> [DATA TO USE]
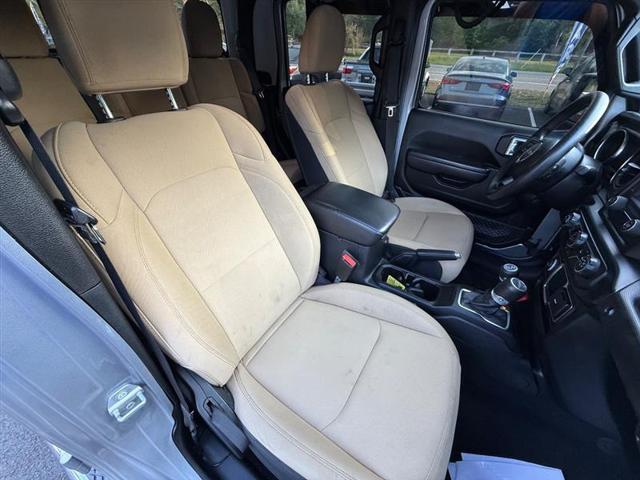 used 2021 Jeep Gladiator car, priced at $27,995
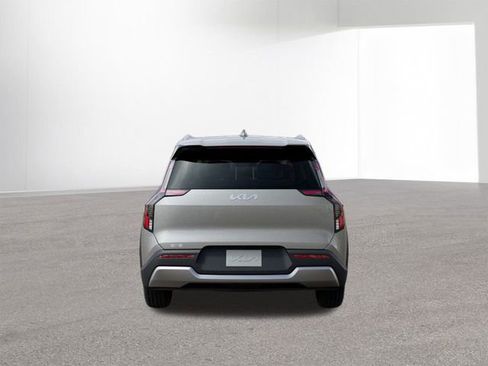 New 2026 Kia EV9 Wind image 5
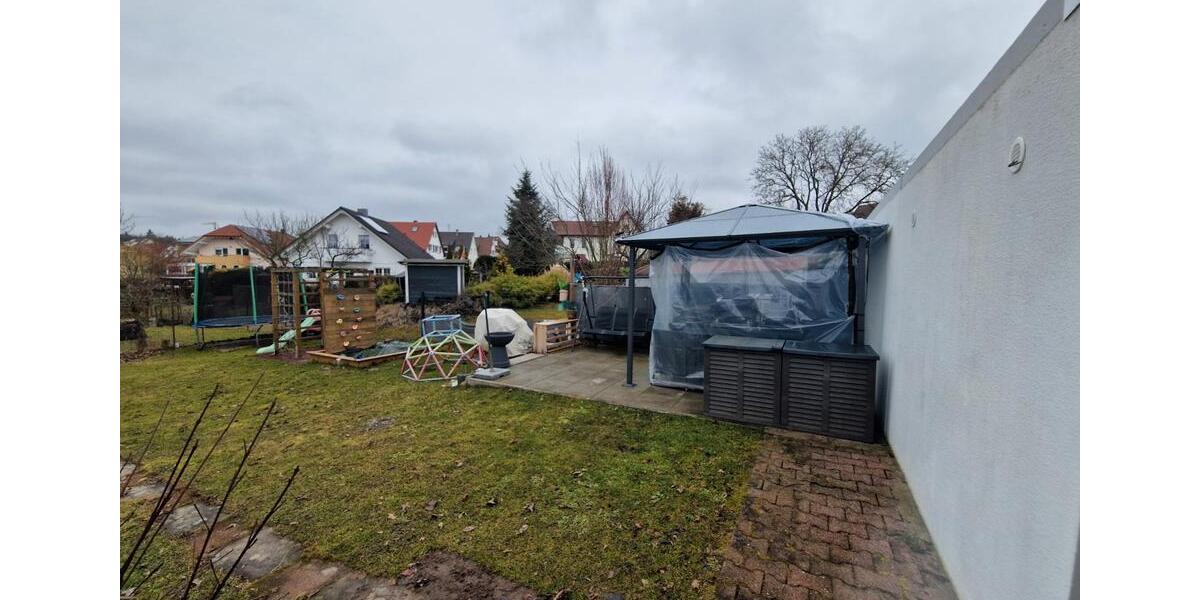 Dachgeschoßwohnung Tiefenbronn - 3 Zimmer, 75 m&sup2;, 269.000&euro; | Angebot:26032041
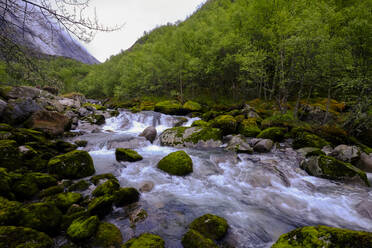 Kaltes Wasser fließt durch einen Bach aus dem Briksdal-Gletscher im Jostedalsbreen-Nationalpark, Stryn, Vestland, Norwegen, Skandinavien, Europa - RHPLF20889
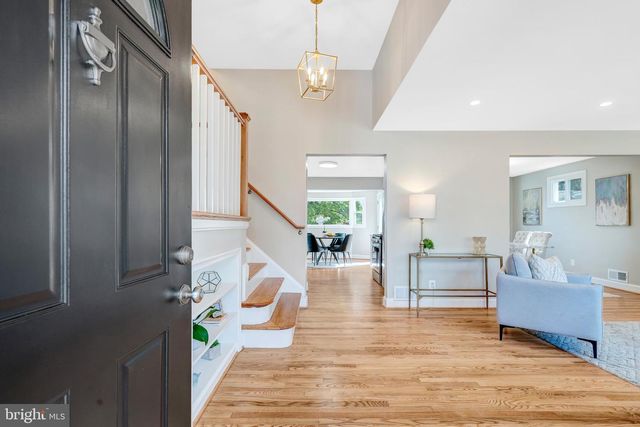 7703 NEWMARKET DR, Bethesda, MD 20817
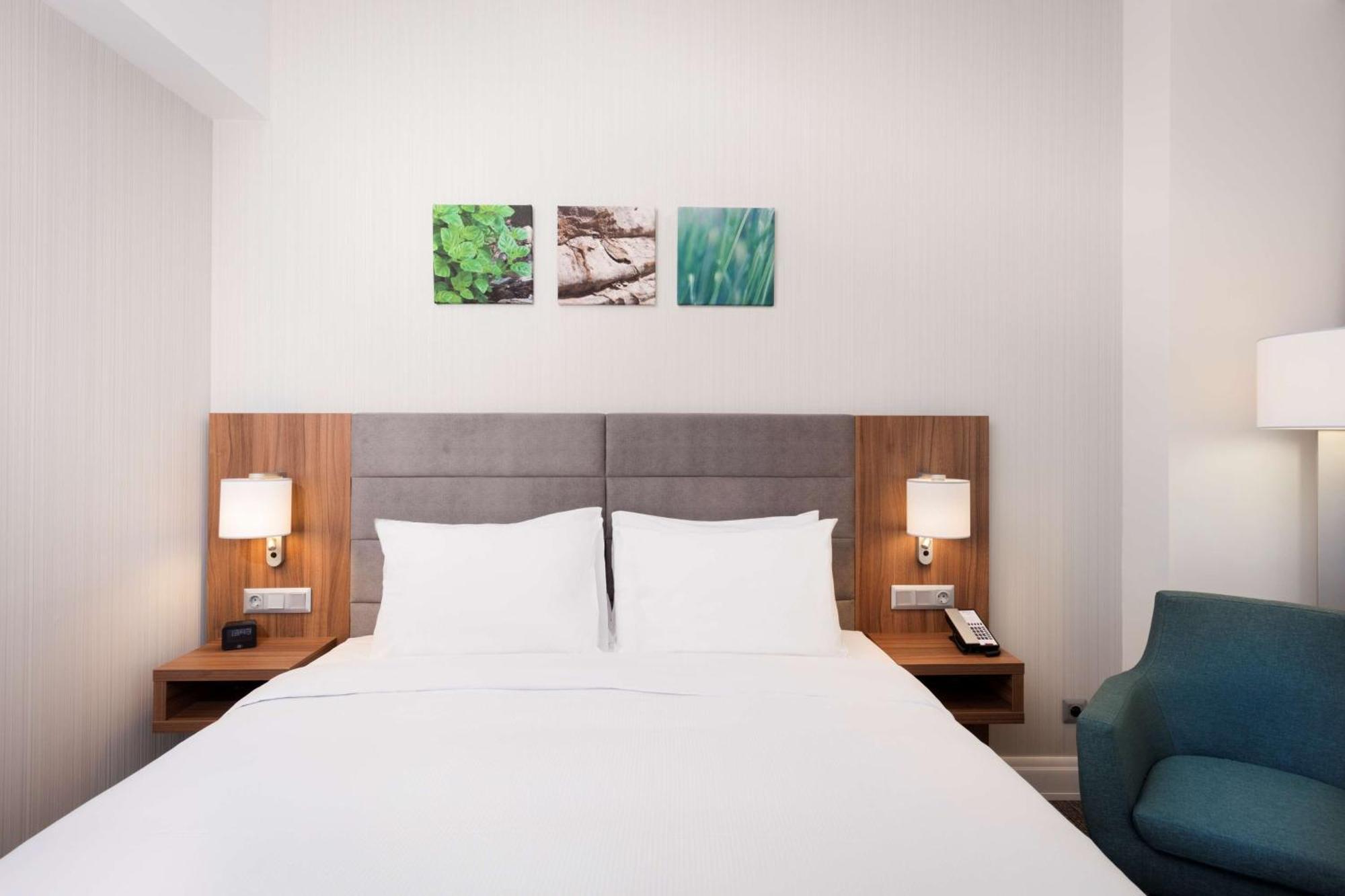 Hilton Garden Old Town 4*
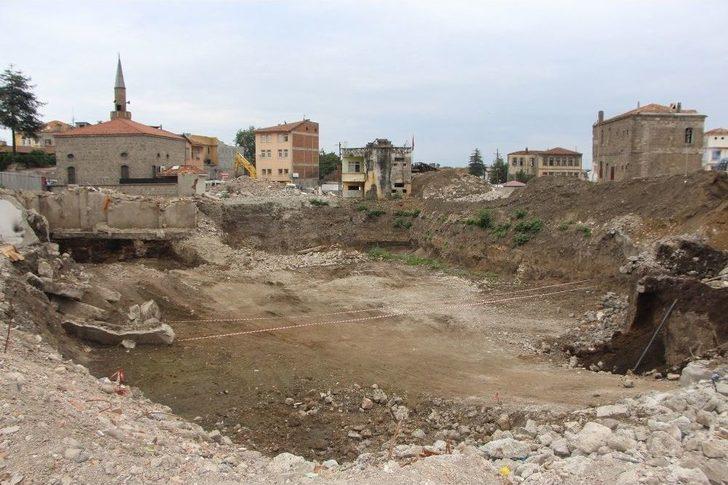 İnşaat Alanından Bin Yıllık Tarih Çıkınca Çalışmalar Durduruldu G2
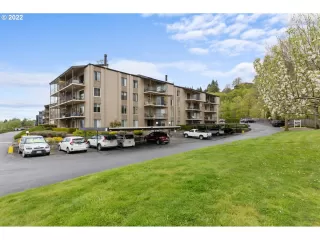 Photo #5: 22083185 Listing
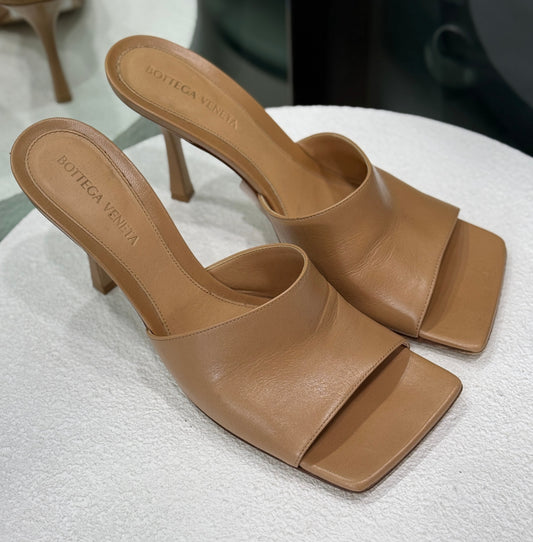 BOTTEGA VENETA Camel Lido Square-Toe Sandals Sz 39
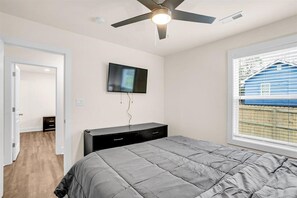 3 bedrooms, free WiFi, bed sheets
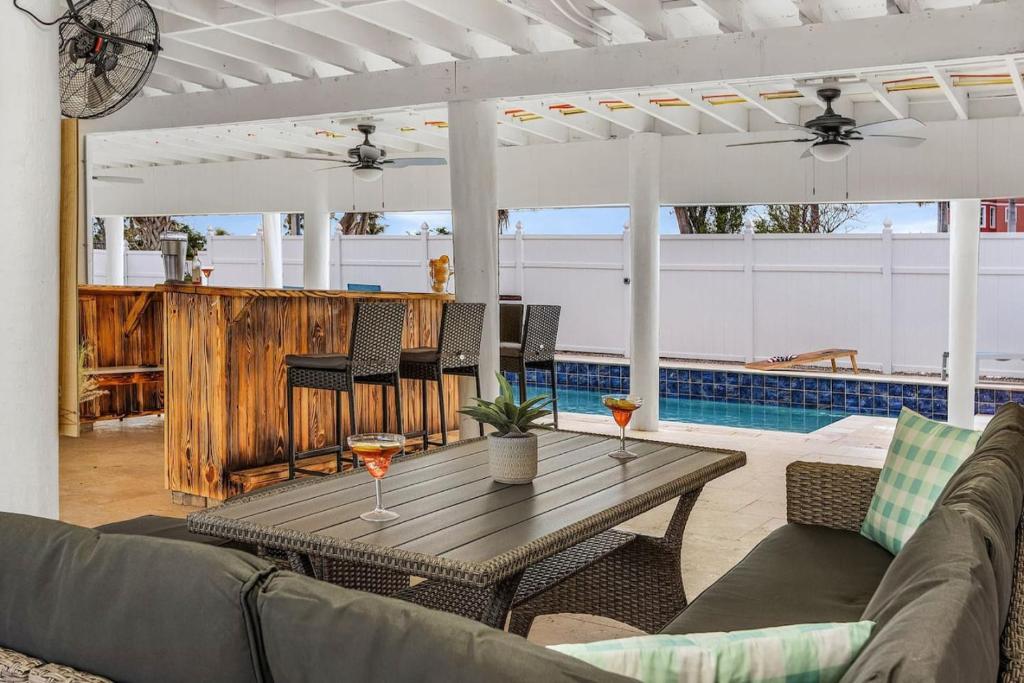 Beach, pool and fun times at Blue Oyster Lagoon, Fort Myers Beach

> [WORK INSTRUCTION] Begin at the line containing "New 2026 Kia EV9 Wind image 5" and transcribe exactly every line through the end of the records, both ends included, leaving the pictures out.

> [EXERCISE RESPONSE]
 New 2026 Kia EV9 Wind image 5
 Dachgeschoßwohnung Tiefenbronn - 3 Zimmer, 75 m&sup2;, 269.000&euro; | Angebot:26032041
 Kaltes Wasser fließt durch einen Bach aus dem Briksdal-Gletscher im Jostedalsbreen-Nationalpark, Stryn, Vestland, Norwegen, Skandinavien, Europa - RHPLF20889
 7703 NEWMARKET DR, Bethesda, MD 20817
 Hilton Garden Old Town 4*
 İnşaat Alanından Bin Yıllık Tarih Çıkınca Çalışmalar Durduruldu G2
 Photo #5: 22083185 Listing
 BOTTEGA VENETA Camel Lido Square-Toe Sandals Sz 39
 3 bedrooms, free WiFi, bed sheets
 Beach, pool and fun times at Blue Oyster Lagoon, Fort Myers Beach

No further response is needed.